July 01, 2014

Liquid Assets


Liquid Assets
Borzhom, 1912. Sergei Prokudin-Gorsky

In the summer of 1887, Pyotr Ilyich Tchaikovsky spent just over three weeks in the spa town of Borzhom in the Tiflis Province of the Russian Empire.[1] Shortly after leaving Borzhom, the Russian composer reflected on his stay at the spa in a letter to opera singer Emilia Pavlovskaya, commenting: “I do feel that Borzhom is one of the most bizarrely wonderful places in the whole world.”

For Tchaikovsky, Borzhom was a place apart, a community peculiarly detached from the real world. This was not unique to Borzhom.
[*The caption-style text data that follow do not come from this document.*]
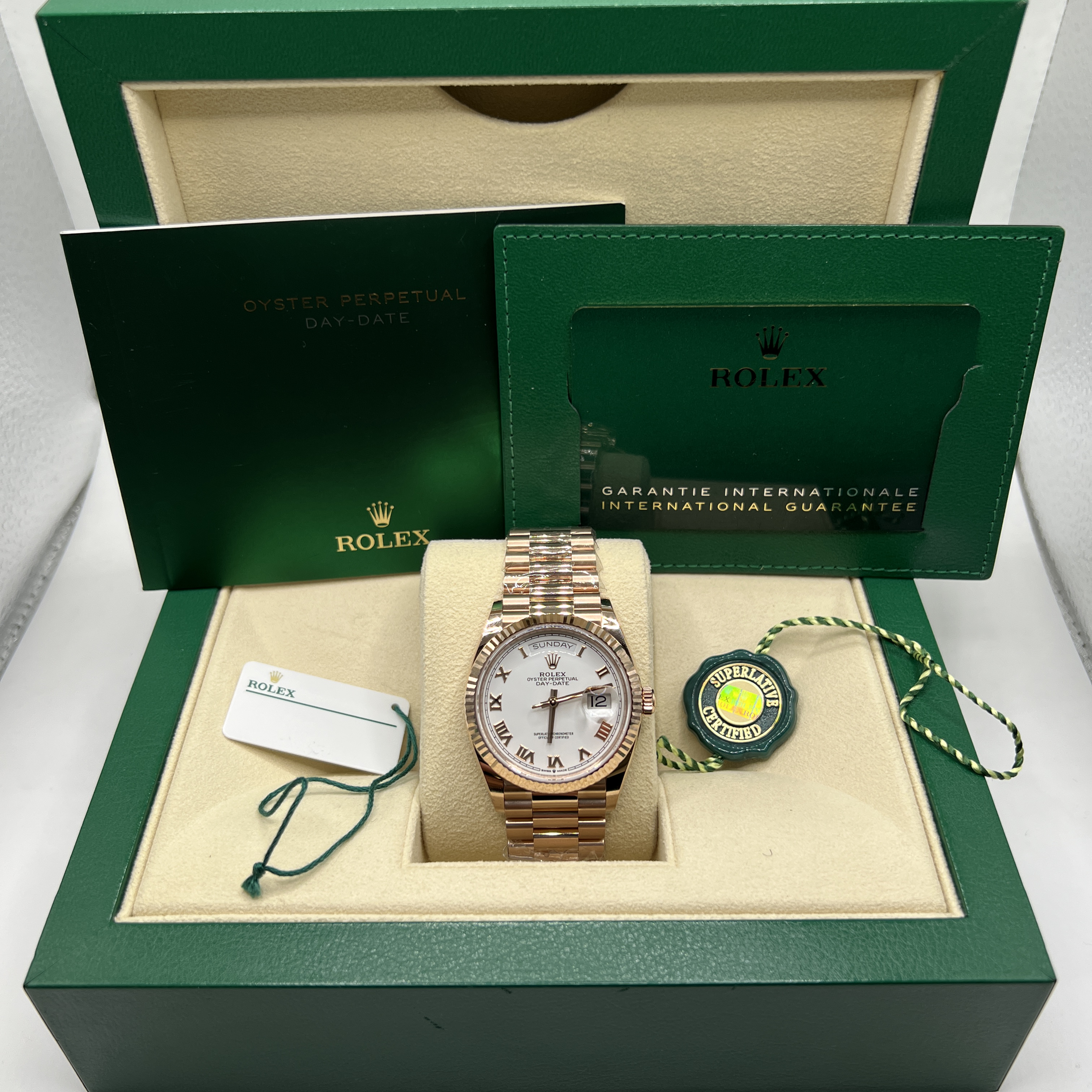 Rolex Day-Date Presidential 36mm 128235 18K Rose Gold White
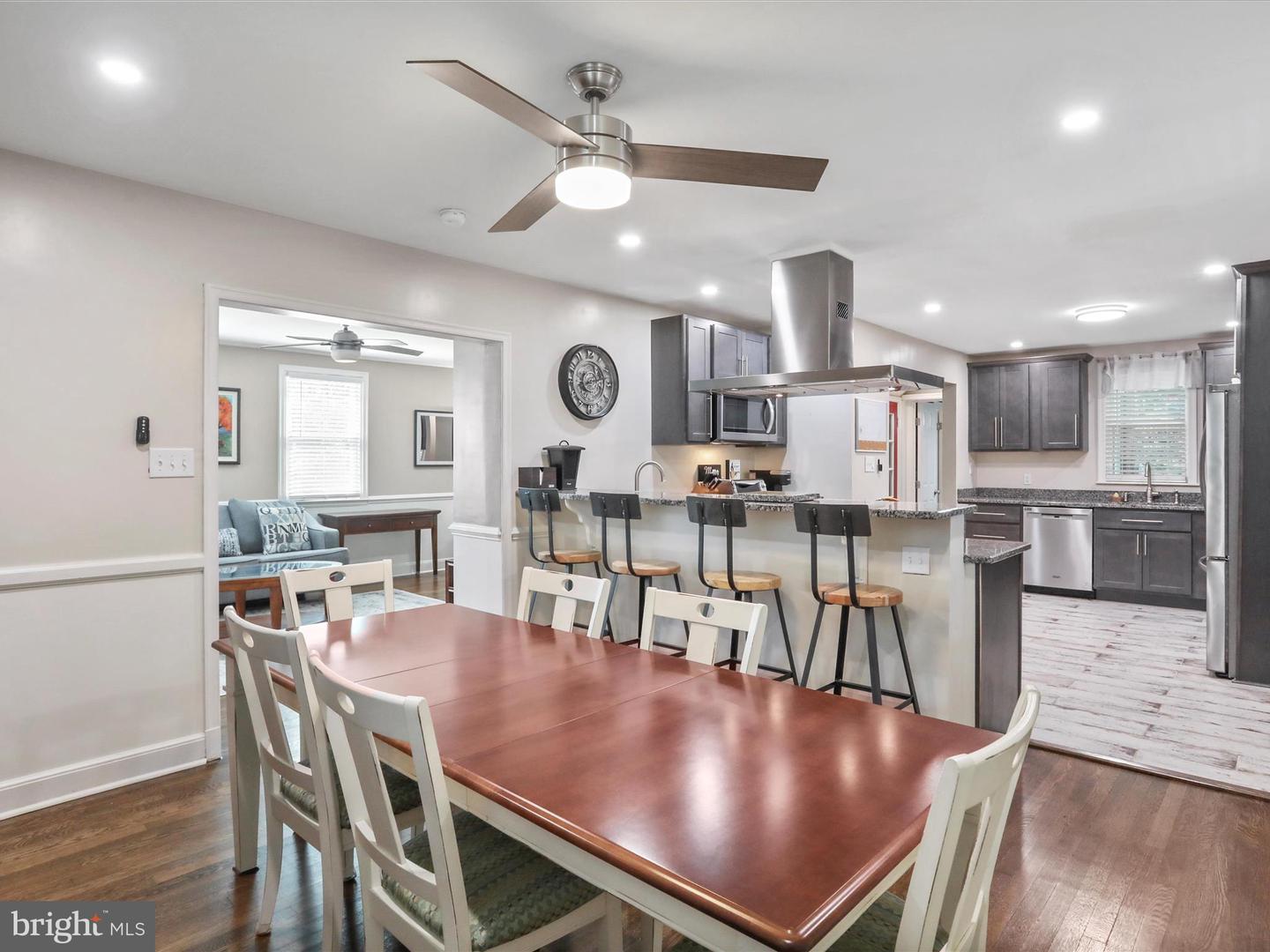 113 W 1ST ST, FRONT ROYAL, Virginia 22630, 5 Bedrooms Bedrooms, ,5 BathroomsBathrooms,Residential,For sale,113 W 1ST ST,VAWR2012142 MLS # VAWR2012142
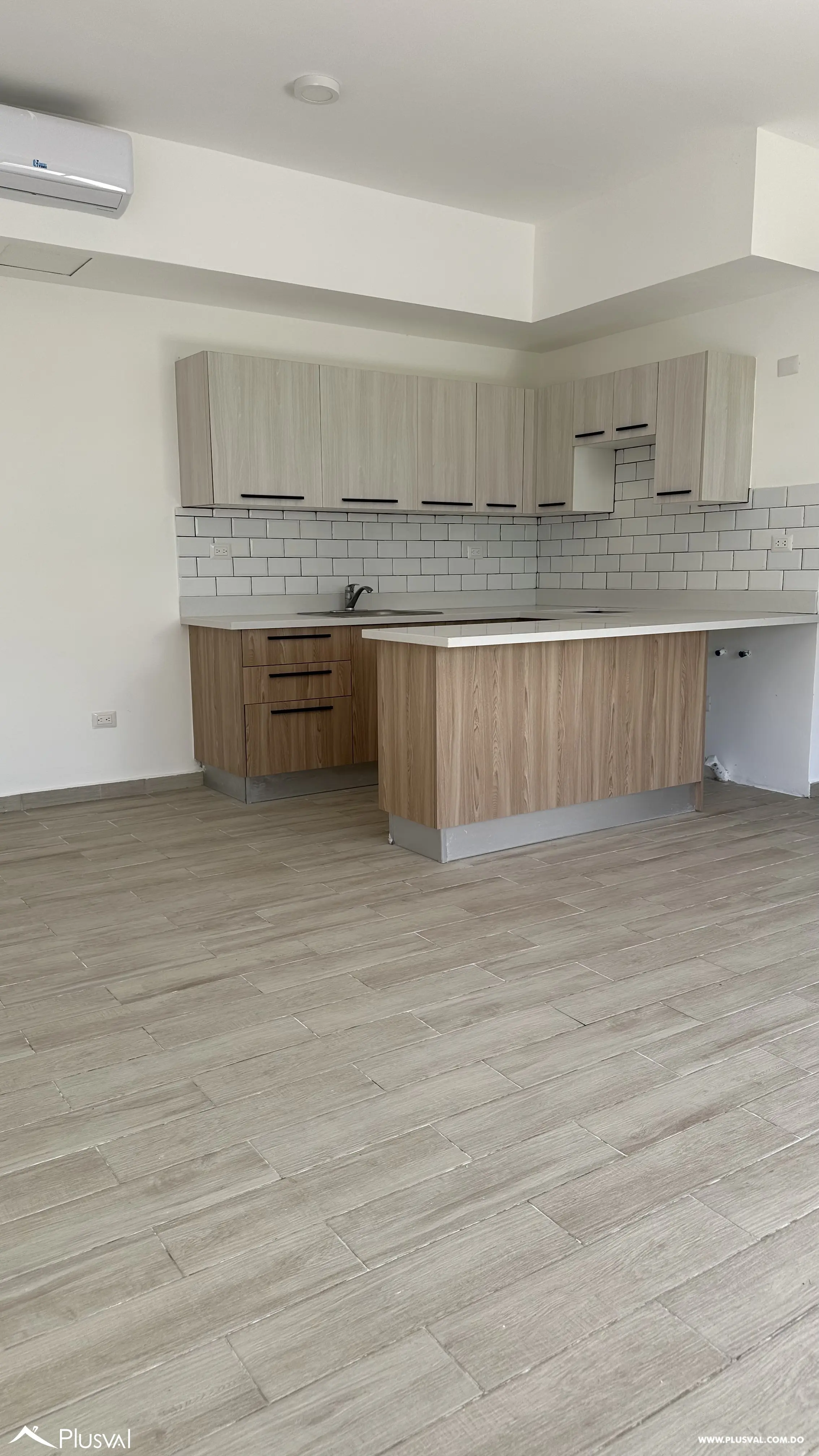 Apartamento de 2 habitaciones en renta con acceso a playa 505752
Tchaikovsky would have encountered much the same atmosphere in other spas around the tsarist empire, made to emulate their famous European predecessors like Carlsbad. Whether in the Caucasus, the Crimea or the Baltics, their atmosphere is still the hallmark of the traditional European spas so very popular with Russian visitors today.

Tchaikovsky used his time in Borzhom to good effect, taking the waters as prescribed by his doctor and working on the orchestration for his Suite No. 4 (Mozartiana). So he worked, to be sure, but at a different tempo. The clocks run slower in spa towns. It is that sense of time having stalled, of being in a refuge where the worries of everyday life are kept at bay, that makes such places so enduringly popular. The spa is a sanctuary, though whether it promotes more the betterment of the body or the soul is open for debate.